The leader of the Ilankai Tamil Arasu Kachchi (ITAK) and parliamentarian Sivagnanam Shritharan recently met the Bharatiya Janata Party’s Tamil Nadu state president, Nainar Nagenthran in India during a three-day visit in which discussions centred on the political and livelihood challenges facing Tamils in the North-East of Sri Lanka.

According to a statement issued by MP Shritharan, the talks ranged across a number of contemporary issues confronting the Tamil people among them the demolition of ancestral Tamil Hindu temples and the construction of Buddhist viharas in their place, the skeletal remains being exhumed at the Chemmani mass grave, and efforts to secure justice for the alleged genocide committed against the Tamil people.

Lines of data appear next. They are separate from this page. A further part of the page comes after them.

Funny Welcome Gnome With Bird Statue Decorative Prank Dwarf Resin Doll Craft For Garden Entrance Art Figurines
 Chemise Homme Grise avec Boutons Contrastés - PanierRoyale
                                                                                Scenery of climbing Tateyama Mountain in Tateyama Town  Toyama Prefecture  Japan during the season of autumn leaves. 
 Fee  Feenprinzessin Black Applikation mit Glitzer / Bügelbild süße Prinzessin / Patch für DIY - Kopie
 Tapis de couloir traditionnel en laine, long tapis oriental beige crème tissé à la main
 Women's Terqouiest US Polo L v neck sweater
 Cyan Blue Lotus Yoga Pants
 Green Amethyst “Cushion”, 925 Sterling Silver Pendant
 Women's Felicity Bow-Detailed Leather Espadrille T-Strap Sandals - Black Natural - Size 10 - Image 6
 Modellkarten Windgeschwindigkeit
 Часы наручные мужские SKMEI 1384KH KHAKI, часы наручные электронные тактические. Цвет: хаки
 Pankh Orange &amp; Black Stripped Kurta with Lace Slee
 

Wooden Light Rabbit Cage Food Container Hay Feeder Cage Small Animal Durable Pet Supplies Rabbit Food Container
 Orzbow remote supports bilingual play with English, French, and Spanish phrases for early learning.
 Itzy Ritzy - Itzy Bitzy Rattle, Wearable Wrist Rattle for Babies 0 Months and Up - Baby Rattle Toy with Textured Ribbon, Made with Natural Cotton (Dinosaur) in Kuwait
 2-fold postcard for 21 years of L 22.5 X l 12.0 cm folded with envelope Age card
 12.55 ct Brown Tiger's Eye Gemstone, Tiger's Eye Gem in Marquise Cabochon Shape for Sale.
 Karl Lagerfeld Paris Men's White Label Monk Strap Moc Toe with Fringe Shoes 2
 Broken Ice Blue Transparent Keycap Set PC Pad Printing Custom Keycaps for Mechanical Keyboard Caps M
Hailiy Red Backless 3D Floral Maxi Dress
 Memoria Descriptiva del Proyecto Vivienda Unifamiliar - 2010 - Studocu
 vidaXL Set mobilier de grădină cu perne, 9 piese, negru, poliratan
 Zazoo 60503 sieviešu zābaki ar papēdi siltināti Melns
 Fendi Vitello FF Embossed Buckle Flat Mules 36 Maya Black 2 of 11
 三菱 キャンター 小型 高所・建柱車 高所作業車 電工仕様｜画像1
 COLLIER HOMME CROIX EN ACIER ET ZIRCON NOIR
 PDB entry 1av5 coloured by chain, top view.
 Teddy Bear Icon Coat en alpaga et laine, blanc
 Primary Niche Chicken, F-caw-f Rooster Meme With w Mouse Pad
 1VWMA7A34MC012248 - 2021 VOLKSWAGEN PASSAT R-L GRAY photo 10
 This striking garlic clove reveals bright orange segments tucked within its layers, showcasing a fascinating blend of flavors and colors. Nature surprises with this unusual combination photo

The statement said the two sides had also discussed a lasting settlement to the Tamil national question.

“There was an extensive exchange of views between both sides on a permanent political solution for the Eelam Tamils and the political aspirations of the Tamil people.”

The two had agreed to continue such meetings and consultations in future, the statement added, and Shritharan was hosted for lunch during the visit.

Also present was the veteran Tamil political figure K. S. Radhakrishnan, described in the statement as having more than fifty years of experience in Tamil political affairs, along with the BJP’s Tamil Nadu state secretary and several senior party representatives.

Nagenthran, a former Tamil Nadu state minister, has headed the BJP’s Tamil Nadu unit since April 2025 and is leading the party’s bid to unseat the governing DMK in the state.